Poderiam ainda ter explicado aos seus leitores que a neta de Marc Bloch se
casou com um brasileiro, Hamilton Lopes dos Santos, refugiado político do
Brasil e depois do Chile, tendo chegado na França em 1973 em razão do golpe de
Pinochet. Poderiam, enfim, ter anunciado que dois dos bisnetos de Marc Bloch,
Iara e Marc-Louis, são franco-brasileiros”.
E prossegue: “Conseguem imaginar a
reação de meu avô diante do espetáculo dos deputados que votaram pelo
afastamento de Dilma Rousseff em nome de suas esposas, de seus filhos, de Deus
ou de um torturador? Imaginem ainda sua reação diante de um presidente interino
que formou um governo exclusivamente de homens e cuja primeira medida foi
suprimir o Ministério da Cultura e o Ministério das Mulheres, Igualdade Racial,
Juventude e Direitos Humanos, suspendendo e reduzindo diversos programas
sociais, como o Minha Casa Minha Vida. Ministros empossados são investigados
por corrupção e alguns foram exonerados após a divulgação de conversas nas
quais admitiam que o afastamento de Dilma não tinha senão um objetivo: parar as
investigações contra a corrupção. Imaginem a reação de meu avô!”

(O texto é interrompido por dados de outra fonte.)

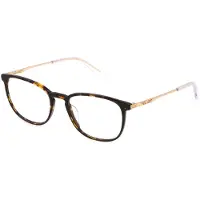 Police Lunettes V1972m-530l99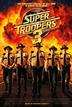 Super Troopers 3
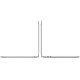 Ноутбук APPLE MacBook Pro 13" M2 8/512GB 2022 Silver Оригінальний, Новий
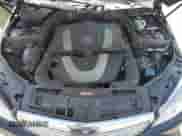2008 Mercedes-Benz C 300 Sport z VIN WDDGF81X18F165996, wystawiony jako Copart lot #71278345 z przebiegiem 132 644 mil mil oraz Szkoda całkowita • Salvage title. Historia ofert i sprzedaży dostępna na DreamBid. Obrazek 11.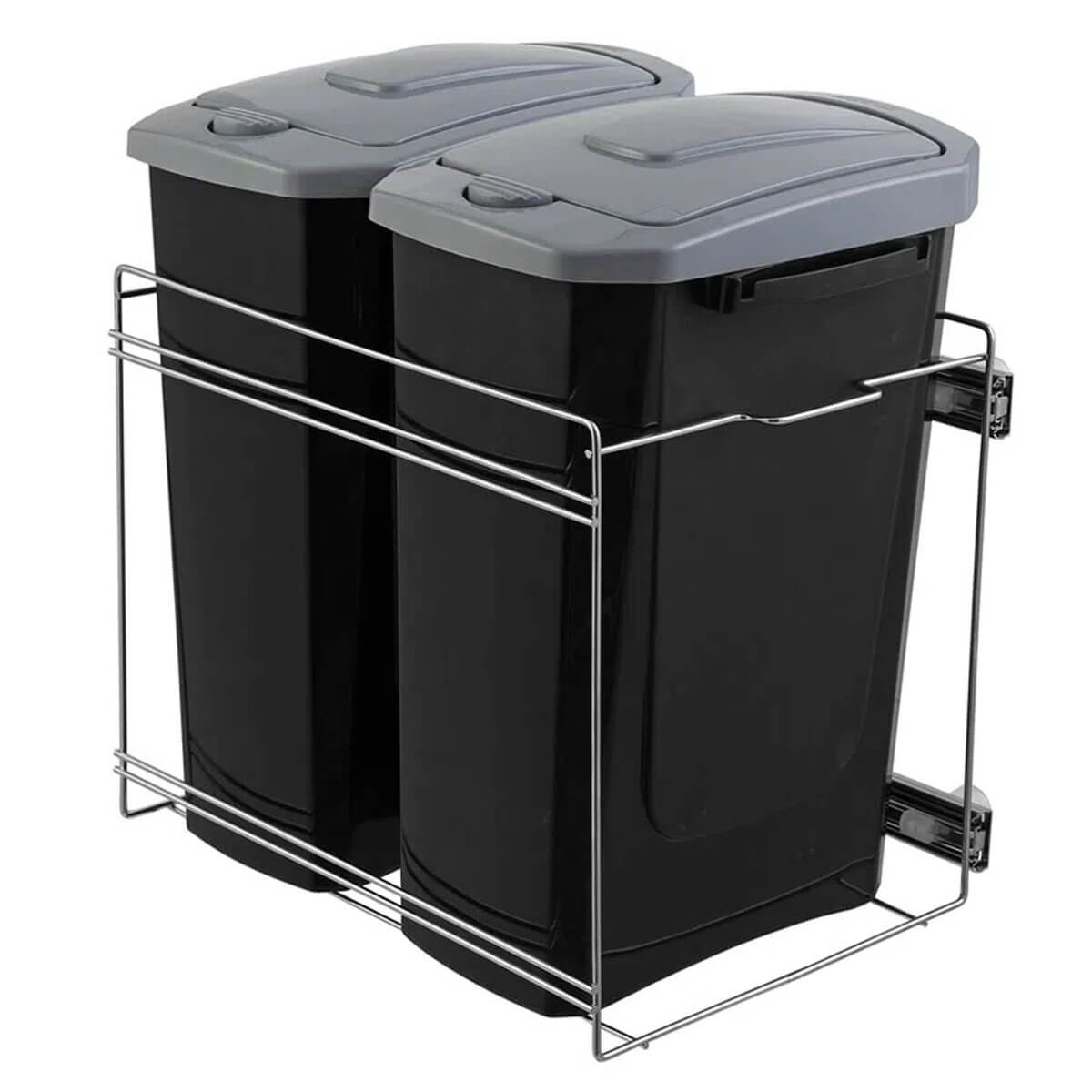 7899085137632_-_130.jpeg 7899085137632_-_130.jpeg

Suzette contrapõe então a conjuntura
política no Brasil com a da França: “O presidente francês, François
Hollande, foi eleito com 51,9% dos votos em 2012 e sua popularidade não passava
de 16% em maio. No entanto, seus adversários políticos sequer sonharam em
contestar sua legitimidade conquistada nas urnas, apenas estão se preparando
para as próximas eleições, como em toda democracia digna deste nome. Não pode
haver democracia sem o respeito às eleições. Contudo, um grande jornal como
este aplaude o confisco do voto popular”.
No final, ela cedeu espaço ao
“historiador Fernando Nicolazzi, integrante do grupo de Historiadores pela Democracia”,
ao qual solicitou uma resposta para o jornal. Segue-se o texto deNicolazzi:
“O convite feito por Suzette Bloch para juntar minhas palavras às suas,
no ato solidário e indispensável de combater a impostura de um jornal
comprometido, em cada linha de seus editoriais, com a defesa de um golpe de
Estado em curso, não poderia ser recusado. Este mesmo jornal, que há alguns
meses disse um ‘basta!’ à democracia, ecoando o gesto autoritário cometido pelo
Correio da Manhã em 1964, agora direciona seus impropérios ao grupo de
historiadores e historiadoras que atuam em defesa dos princípios democráticos
de nossa sociedade. Faço parte deste grupo e estive na audiência realizada com
a presidenta eleita Dilma Rousseff no último dia 7 de junho.
O editorial de 14 de junho, que pretende definir o ‘lugar de Dilma na
história’, faz menção a palavras escritas por Marc Bloch, desvinculando-as
irresponsavelmente daquele que as escreveu. Nesse sentido, instrumentaliza
politicamente o nome do historiador francês, autor de uma apologia da história
elaborada no momento mesmo em que atuava na resistência contra o fascismo e em
defesa das liberdades democráticas. Suzette Bloch, em justificável indignação,
já apontou acima o desrespeito ético e a desonestidade intelectual que
caracterizam este texto. Quanto a isso não cabem aqui outras palavras.
Porém, é preciso fazer frente também à outra dimensão contida naquele
editorial: sua falaciosa representação dos historiadores e historiadoras que
assinaram o manifesto, definidos ali como intelectuais ‘a serviço de partidos
políticos’, comprometidos com a elaboração de um ‘pensamento único’,
‘bajuladores do poder’. O editorial traz ainda as marcas da sua baixeza moral
ao sugerir, sem qualquer respaldo aceitável, que muitos dos participantes do
encontro com a presidenta a ‘detestam’. Nada mais desonesto, nada mais
mentiroso! Mas também nada mais compreensível!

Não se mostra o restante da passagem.